There is an old axiom of philosophy, which counsels us to "think with the learned, and talk with the vulgar;" and the practical application of this axiom runs through the whole scene of human affairs. Thus the most learned astronomer talks of the rising and setting of the sun, and forgets in his ordinary discourse that the earth is not for ever at rest, and does not constitute the centre of the universe. Thus, however we reason respecting the attributes of inanimate matter and the nature of sensation, it never occurs to us, when occupied with the affairs of actual life, that there is no heat in fire, and no colour in the rainbow.
In like manner, when we contemplate the acts of ourselves and our neighbours, we can never divest ourselves of the delusive sense of the liberty of human actions, of the sentiment of conscience, of the feelings of love and hatred, the impulses of praise and blame, and the notions of virtue, duty, obligation, right, claim, guilt, merit and desert. And it has sufficiently appeared in the course of this Essay, that it is not desirable that we should do so. They are these ideas to which the world we live in is indebted for its crowning glory and greatest lustre.
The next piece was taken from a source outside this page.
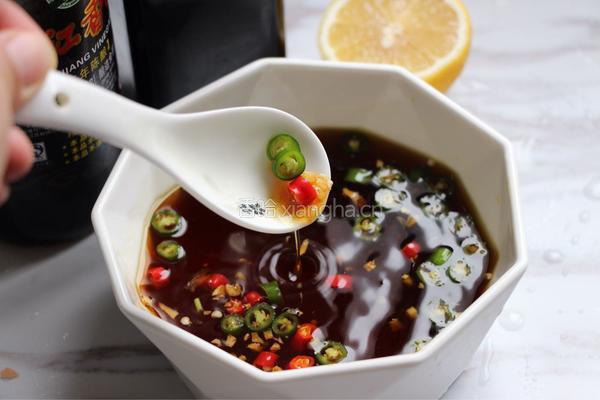 酸辣捞汁荞麦米粉的做法图解4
They form the highest distinction between men and other animals, and are the genuine basis of self-reverence, and the conceptions of true nobility and greatness, and the reverse of these attributes, in the men with whom we live, and the men whose deeds are recorded in the never-dying page of history.
But, though the doctrine of the necessity of human actions can never form the rule of our intercourse with others, it will still have its use. It will moderate our excesses, and point out to us that middle path of judgment which the soundest philosophy inculcates. We shall learn, according to the apostolic precept, to "be angry, and sin not, neither let the sun go down upon our wrath." We shall make of our fellow-men neither idols to worship, nor demons to be regarded with horror and execration.
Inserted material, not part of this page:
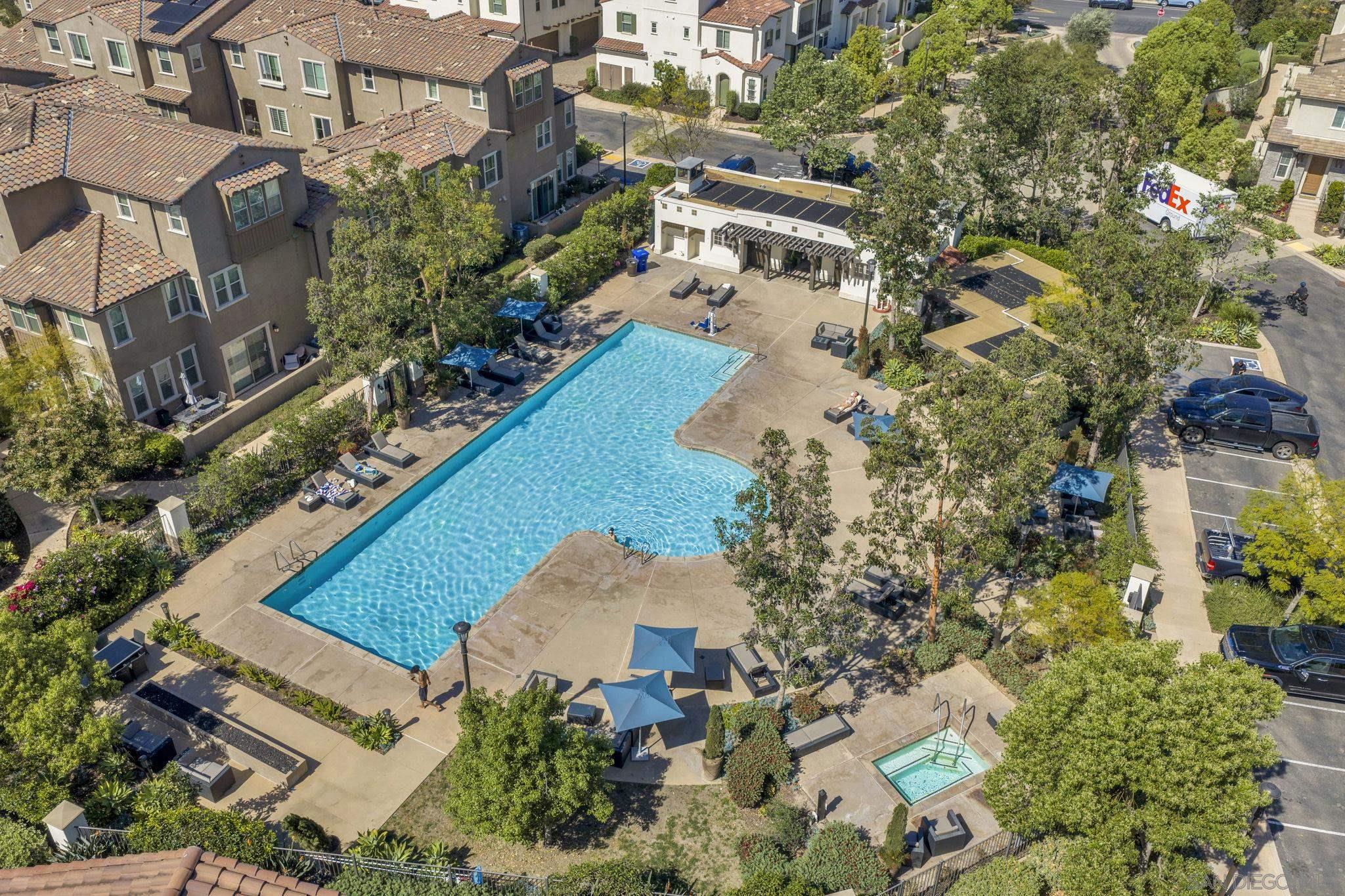 Detail Gallery Image 37 of 38 For 16316  Veridian Cir, San Diego,  CA 92127 - 4 Beds | 2/1 Baths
We shall think of them, as of players, "that strut and fret their hour upon the stage, and then are heard no more." We shall "weep, as though we wept not, and rejoice, as though we rejoiced not, seeing that the fashion of this world passeth away." And, most of all, we shall view with pity, even with sympathy, the men whose frailties we behold, or by whom crimes are perpetrated, satisfied that they are parts of one great machine, and, like ourselves, are driven forward by impulses over which they have no real control.